Trump also shouted out the name of billionaire tech tycoon Elon Musk, whom he called a "rising star" and "one of the most important people." Musk had gone all out to campaign for Trump in the final stages of the election.

As Americans anxiously cast their votes, the auto industry was preparing for potential transformative impacts. Experts predict significant regulatory changes, particularly in electric vehicle incentives, emission standards, trade agreements, and import tariffs.

One area of concern is electric vehicle incentives and the Inflation Reduction Act.

The Inflation Reduction Act promotes the development of the U.S. electric vehicle manufacturing industry through consumer and commercial tax credits, a $7,500 electric vehicle purchase credit, and incentives for battery manufacturers.
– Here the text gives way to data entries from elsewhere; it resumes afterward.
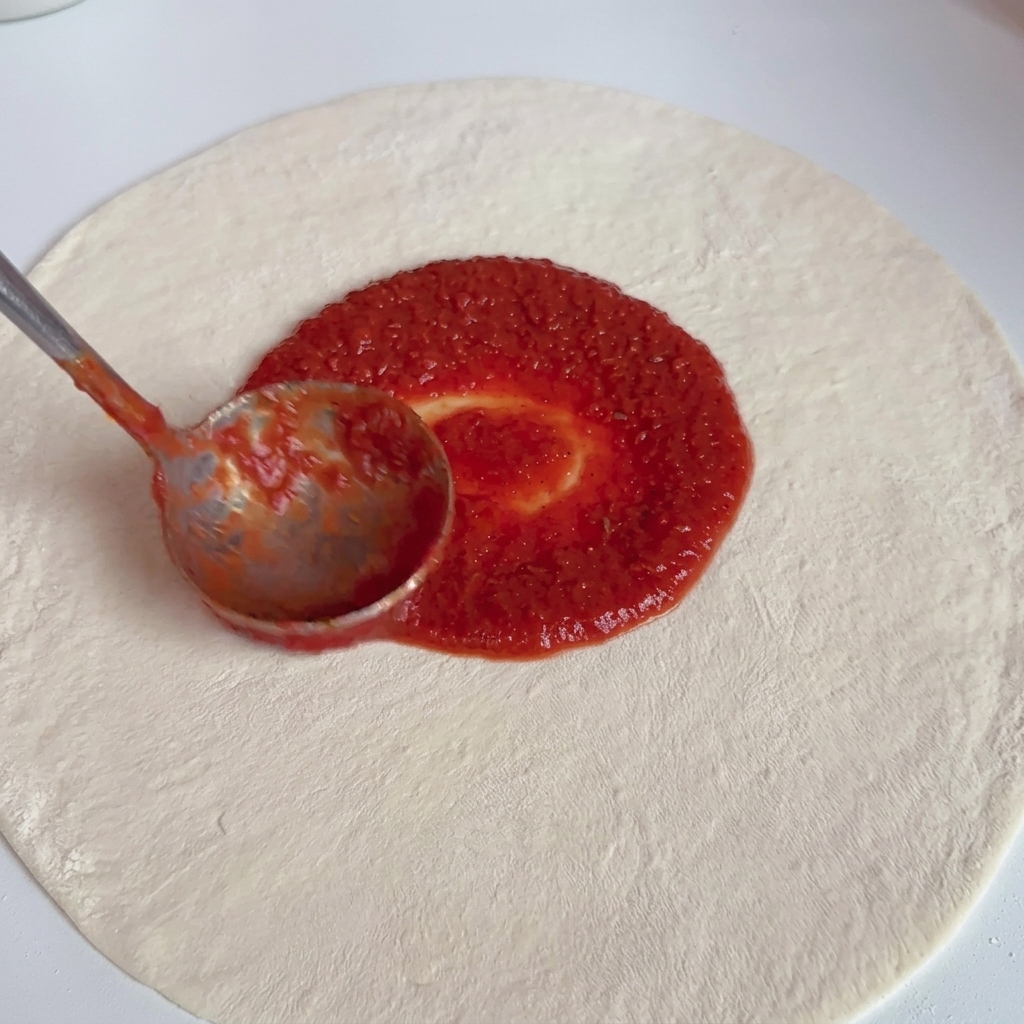 A metal ladle spreading vibrant red tomato sauce in a circular pattern over a raw white pizza dough base.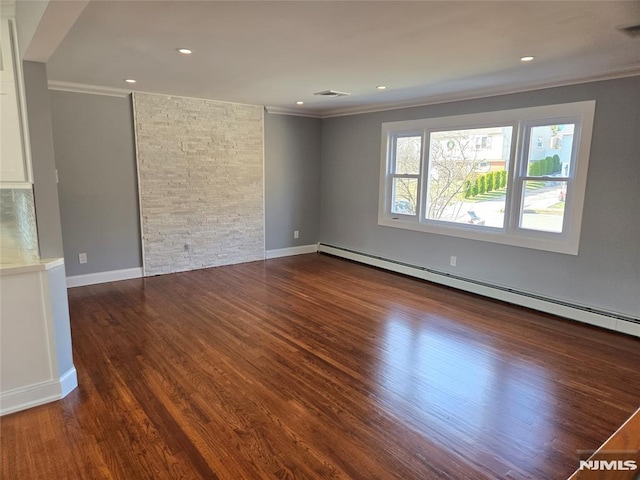 unfurnished room with dark hardwood / wood-style flooring, a baseboard heating unit, and ornamental molding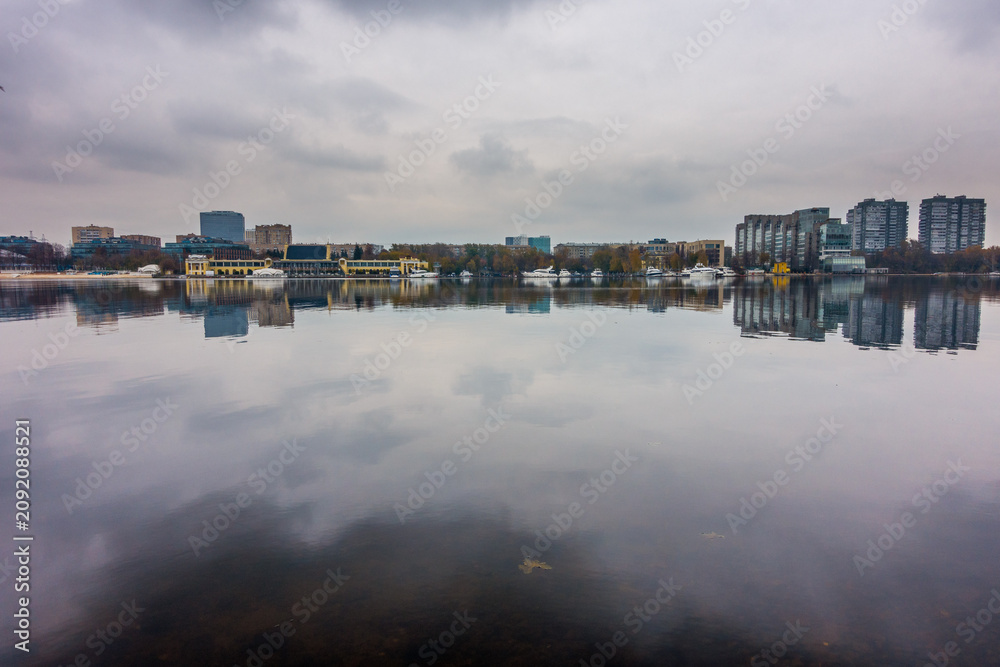 Fototapeta premium Overcast Autumn Reflection on Khimki Reservoir, Northern Moscow, Russia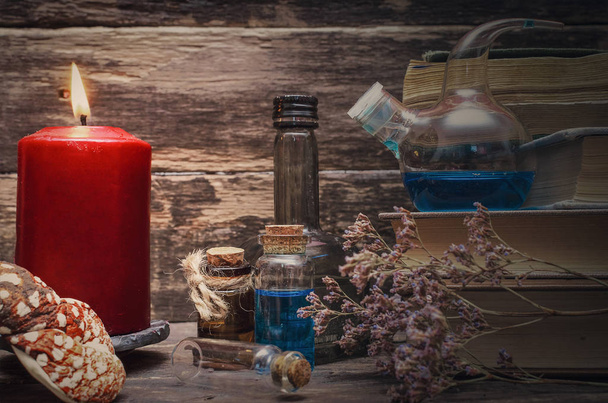 Essential oil bottles and old books. Herbal medicine. Magic potion in the vial on the wizard table. Witchcraft concept. - Φωτογραφία, εικόνα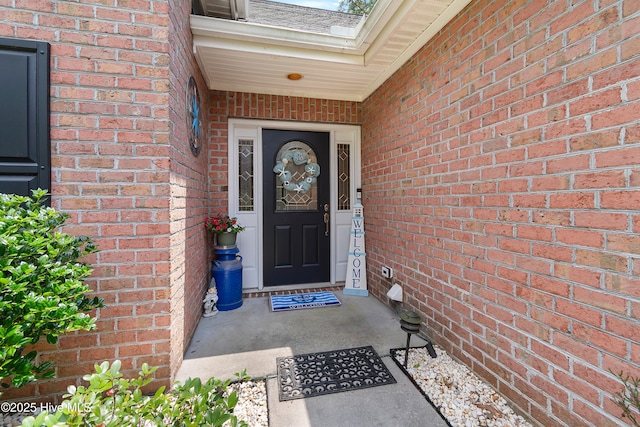 4 Golf Crest Ct, Carolina Shores, NC 28467 - property entrance featuring brick siding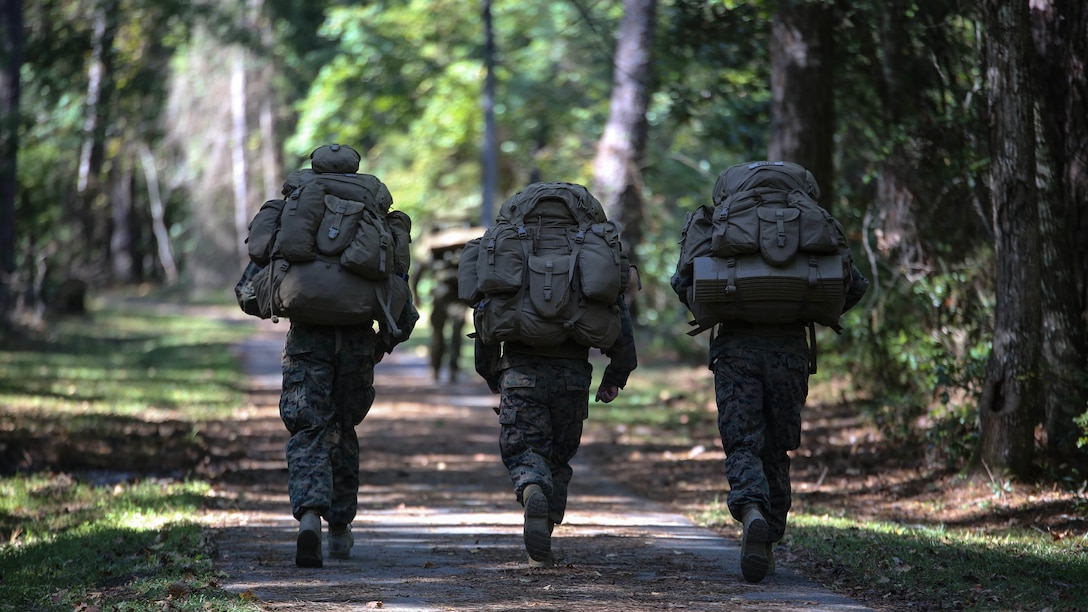 Marine candidates with the Scout Sniper Screening Platoon, 2nd Battalion, 8th Marine Regiment, conduct a 12-mile ruck run as part of the Scout Sniper Physical Assessment Test at Camp Lejeune, N.C., Oct. 19, 2015. The run required 50 pounds of equipment and a time limit of three hours. 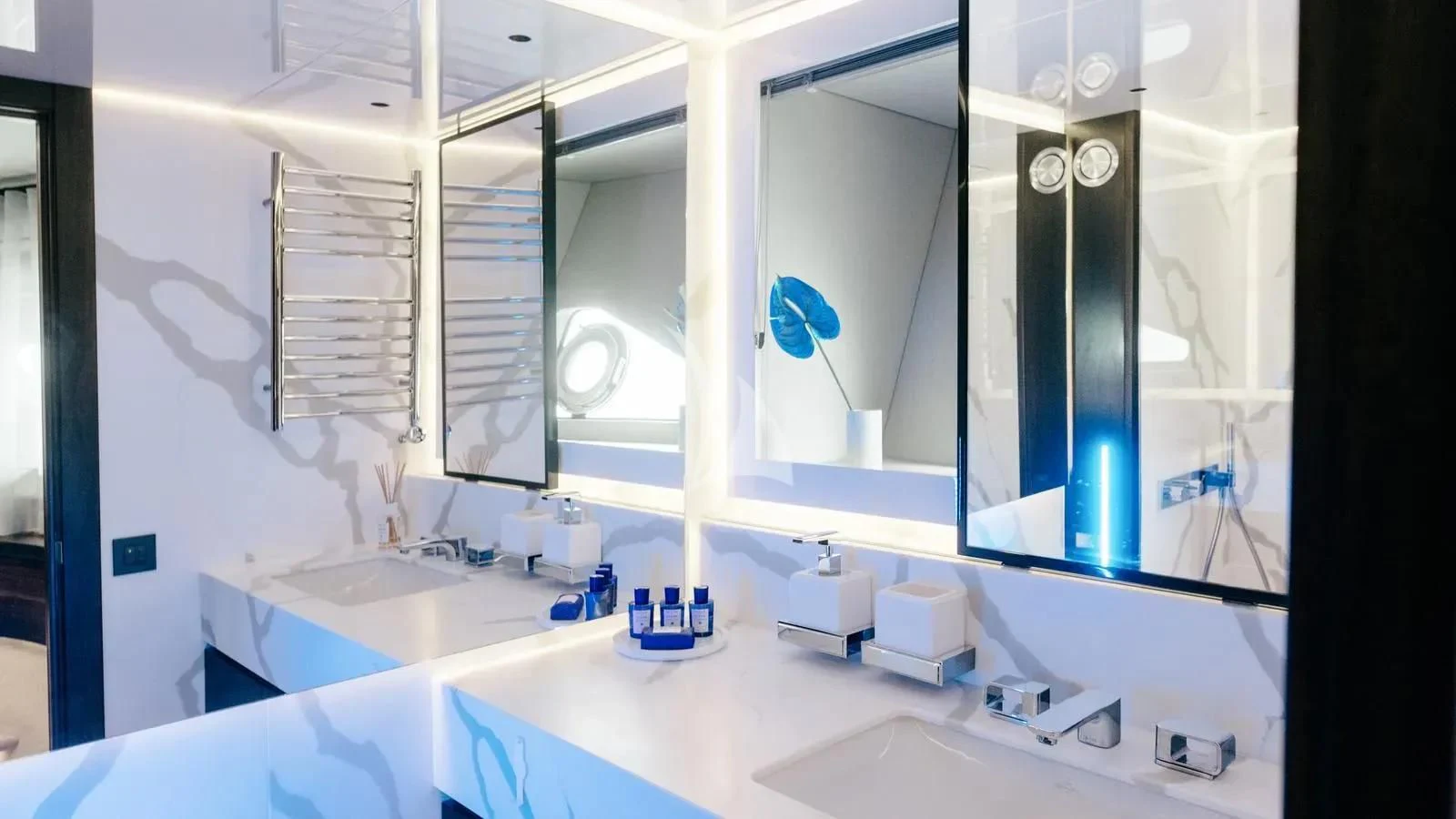a bathroom with a large mirror aboard EXIT Yacht for Sale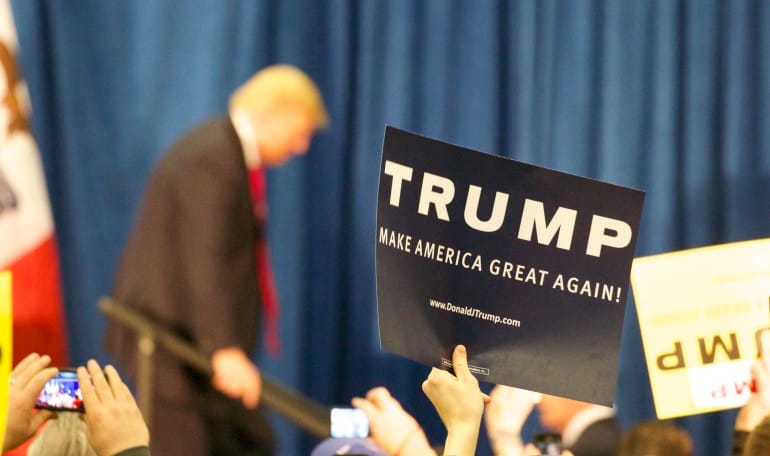 Signs show the hopes Donald Trump expressed for winning the Iowa Republican presidential precinct caucuses during this campaign stop at the University of Iowa Field House on Tuesday, Jan. 26, 2016.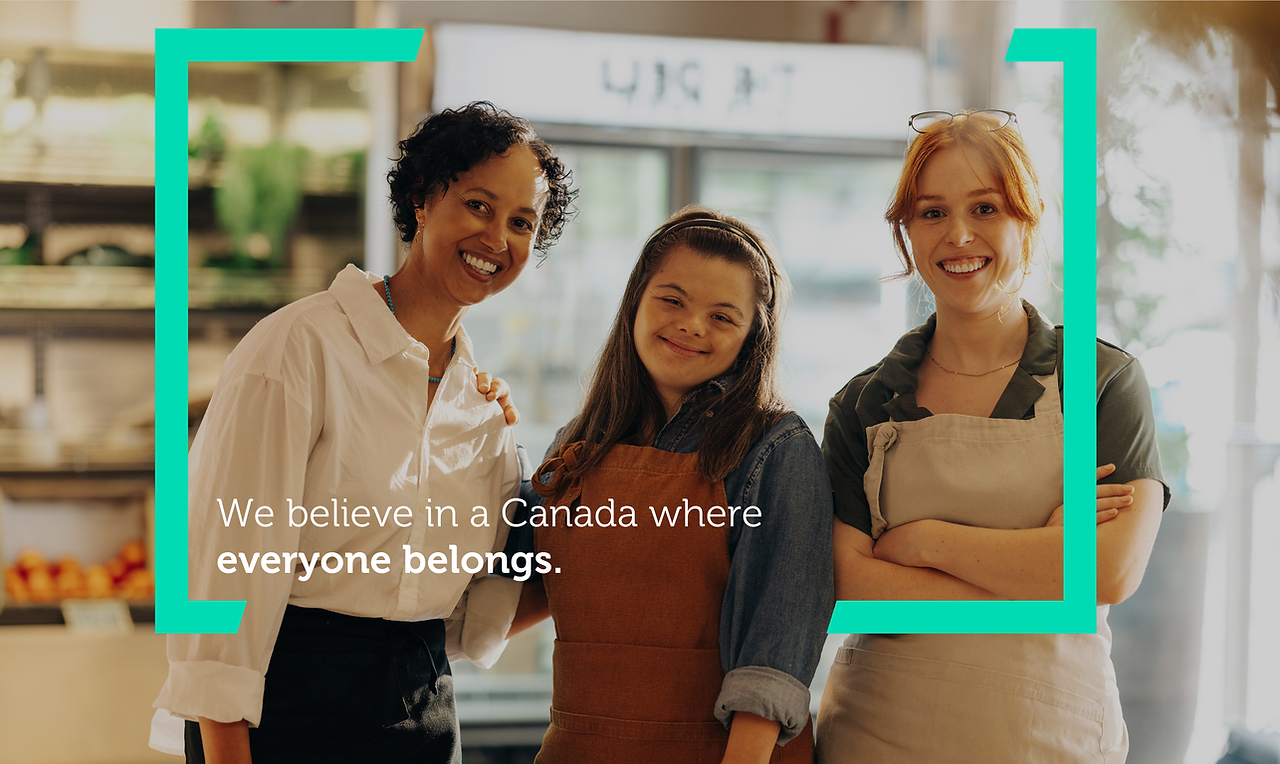 Three coworkers standing in a grocery store. Two of them are wearing aprons and one has Down syndrome. A teal colour square bracket graphic surrounds them. Text reads "We believe in a Canada where everyone belongs."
Trump has stated that he might reduce or eliminate electric vehicle purchase subsidies, believing that they could disrupt domestic manufacturing and benefit foreign companies rather than American automakers.

Another area is emission and fuel economy standards.

If Trump wins, emission standards may be frozen at 2027 levels, affecting 2032 model year vehicles. This could reduce pressure on automakers to transition to full electrification. However, Chris Nevers, Rivian's Senior Director of Public Policy, said, "Such a rollback would be like tearing up the carpet built by all suppliers and manufacturers."

A third concern is the United States-Mexico-Canada Agreement (USMCA).

As the 2026 review of the USMCA approaches, the election results will affect trade stability in North America. The agreement allows duty-free movement of components and vehicles between the U.S., Canada, and Mexico, crucial for the U.S. auto supply chain.

Analysts agree that any disruption to the USMCA could increase costs for automakers reliant on cross-border component manufacturing.

Trump has also promised to substantially increase tariffs on Chinese auto brands produced in Mexico, saying he would impose "any necessary tariff—100%, 200%, 1000%" to keep these vehicles out of the U.S. Additionally, he has pledged to use the 6-year review of the USMCA to promote more U.S. auto production.

A fourth concern is high tariffs.

Trump has promised the lowest taxes, energy costs, and red tape for any foreign automaker choosing to increase production in the U.S. if he wins a second term. However, he has also threatened to impose "very high tariffs" on non-U.S.-made vehicles. This echoes his 2016 campaign promise to bring manufacturing back to the U.S. and make America great again.

Europe: "The Wolf is Coming"

Americans may tear up the Western alliance again, and this time it could be worse.

The outcome of the U.S. presidential election on November 6 will not only affect the pace of America's transition to electric vehicles but also determine whether foreign automakers face new tariffs—both of which will impact European auto brands like BMW, Mercedes-Benz, Volkswagen Group, and Volvo that have invested heavily in the U.S. and electrification.

Senior European officials are busy preparing for Trump's return to the White House. Europe's concern is that Trump will reignite a transatlantic trade war. He has threatened to impose tariffs of 10% to 20% on all U.S. imports to bring manufacturing jobs back to America.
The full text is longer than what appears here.